Hong Kong’s relaunched closing auction session avoids chaos, but will it help boost turnover?
The revamped closing auction session for Hong Kong’s stock market has survived its first week without a repeat of the mess seen when it was first introduced in 2008, but the question is whether it has delivered much benefit to the local bourse.
The closing auction session, relaunched on the Hong Kong stock exchange on July 25, has extended the trading day by eight to 10 minutes. It uses a tender method to determine a stock’s closing price based on matching prices from the largest volume of input orders placed during the session. It replaces the traditional method of using the median price of five snapshots in the last minute of trading to determine the closing price, without taking into account the trading volume.
The relaunch is controversial because small local brokers, who do not trade in large volumes and hence have little influence in the market, complained that the system could easily be manipulated by big institutional investors with big tickets orders. They have greater say in any system that takes volume into account.
The closing auction system was first launched in Hong Kong in May 2008 but was shorted lived – it was scrapped in March 2009 after many big share price swings during trading sessions. In March 2009, HSBC shares plunged by more than 12 per cent during the 10 minute closing session, becoming the proverbial straw that broke the camel’s back.
Given this history, many would ask why we need it back? Exchange operator Hong Kong Exchanges and Clearing cites international practise as the reason because Hong Kong is the last of the 22 advanced markets to adopt the system.
The revamped system added a price cap of 5 per cent during the auction period to avoid large price swings as well as a random closing time, both of which have successfully prevented chaos the second time around. With the price cap, at least we can be assured of no repeat of the 12 per cent drop in HSBC the first time around.
But the next question is whether it can really benefit Hong Kong market turnover, which some fund managers put forward as a reason for the city to bring back the closing auction. The theory is that the tender method is what many fund managers use in other markets so if Hong Kong does it then it will attract more big players to trade in the city.
However, on the first day of the relaunch last Monday market turnover fell to HK$49.85 billion, the lowest in two weeks and down from the pervious week’s average daily turnover of HK$57.85 billion – and lower than the HK$67.50 billion daily average for the first half of this year.
On Monday last week, trading during the auction period accounted for 2.2 per cent of the entire day’s turnover of HK$49.39 billion, which is far below overseas market levels where the auction period normally accounts for 10 to 30 per cent of total turnover.
This was no big surprise as many would take a wait and see attitude on the first day of the relaunch. Looking at last week as a whole, the average daily turnover stood at HK$64.79 billion, up 12 per cent from HK$57.85 billion in the previous week before the auction session was introduced. This was better than the average daily turnover of HK$62.44 billion in June, HK$60.06 billion in May and just shy of April’s figure of HK$65.45 billion.
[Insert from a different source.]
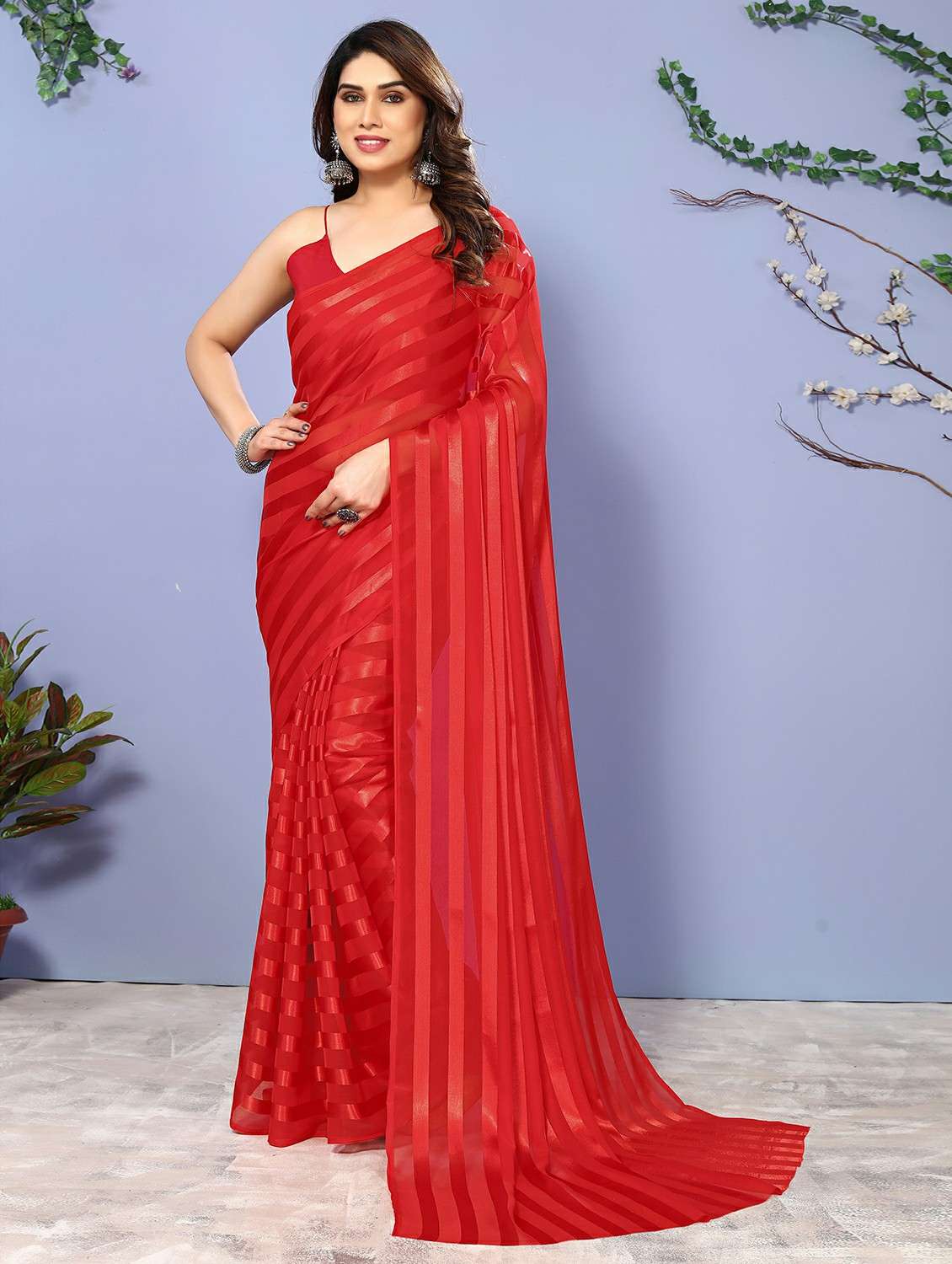 women striped plain saree with blouse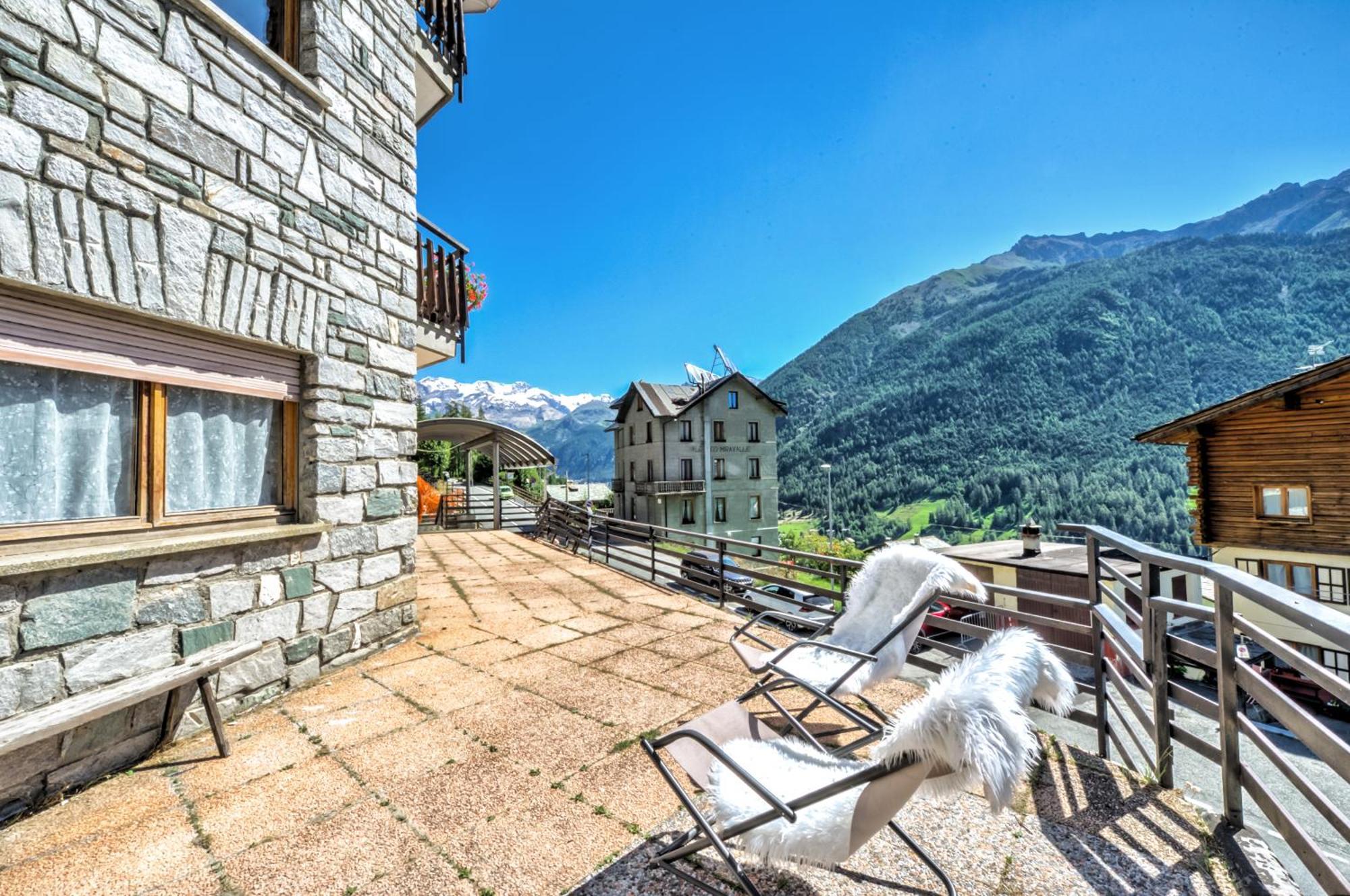 Snowflakes Retreat - Roomy Apartment With A View & Relax Solarium Cir 0133 Champoluc Εξωτερικό φωτογραφία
This may prove that by adopting an internationally accepted auction session to determine closing prices, Hong Kong will be in a better position to compete for trading by institutional investors such as fund managers and insurance companies.
Hong Kong’s market turnover has fallen 46 per cent in the first half of this year compared with a year earlier because the 2015 market rally has not been repeated this year, so the relaunch of an improved closing auction session may help improve turnover.